Vibration monitoring in sliding wear of plasma sprayed ceramics

Abstract

Dry frictional contact between two surfaces, one made of plasma sprayed ceramic coatings of Al 2O 3 and Al 2O 3TiO 2 combination and the other made of steel, is analyzed. The experiments were conducted using a pin-on-disc set-up in the load range of 5–35 N and for sliding distances up to 14 km. The interactions between friction, wear and vibrations due to influence of normal load, sliding speed and system dynamics are investigated in the present paper. Two vibration parameters of pin in the load direction (vertical) are monitored, namely the r.m.s. acceleration and the kurtosis, which seem to be influenced considerably by the wear process and indicate correlation with wear mechanisms taking place such as stick-slip and grain pull-out, as evidenced by scanning electron microscopy of worn surfaces. The study shows that a range of frequency is to be utilized for vibration monitoring to include natural frequencis of the system consisting of pin in contact with disc.

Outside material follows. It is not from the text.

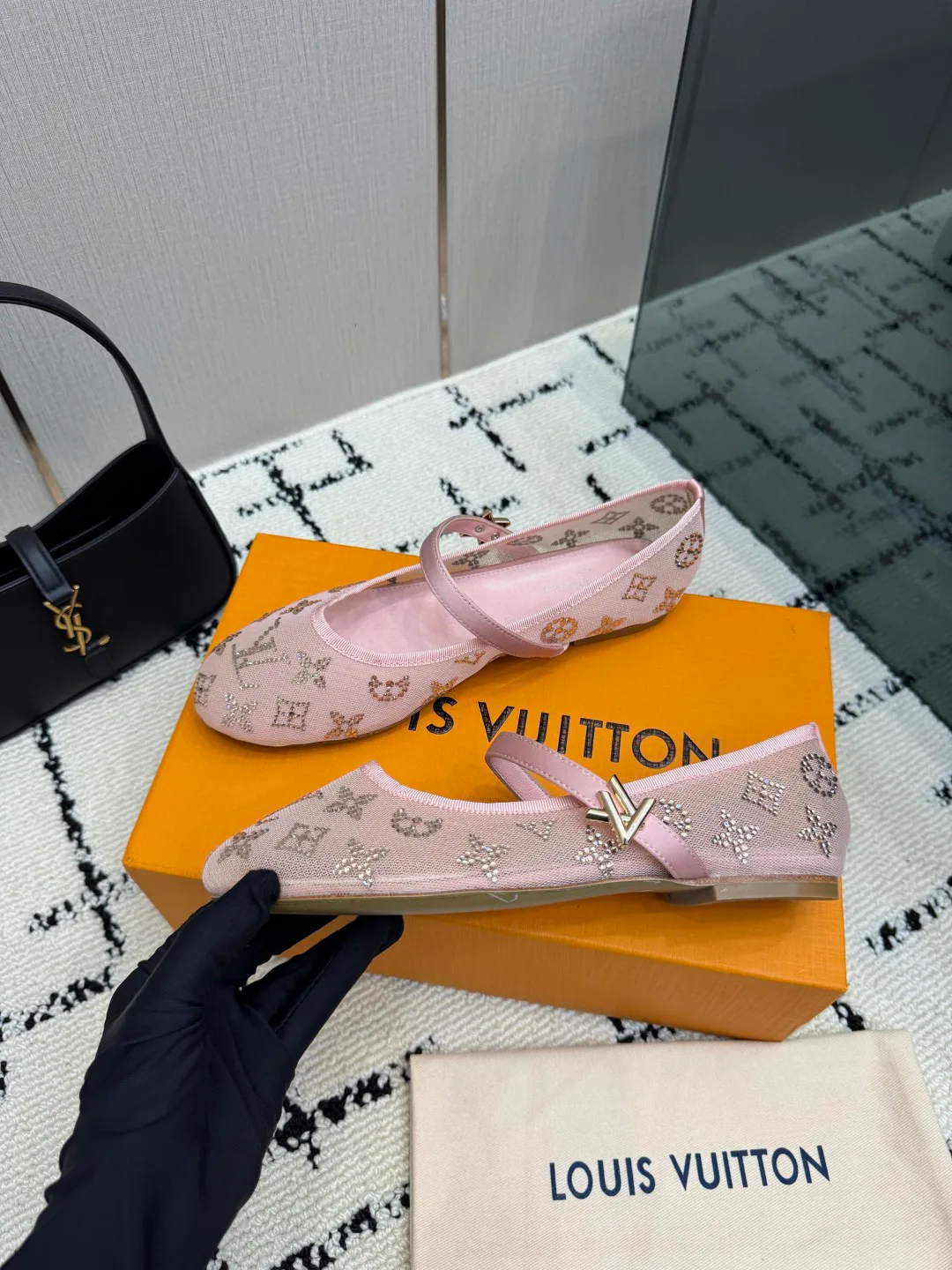 Балетки Женские Louis Vuitton 17947016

This could be estimated by a standard impulse hammer test. The pin acceleration decreases with increase in load and sliding distance, but with respect to sliding speed, the vibration level intially decreases but increases beyond the sliding speed of 1.5 m s −1. Among the three ceramic coatings, TiO 2 is found to be most wear resistant, exhibiting the lowest friction coefficient and a low vibration level. Variation in kurtosis with run-in wear indicates smoothing of Al 2O 3 due to grain pull out.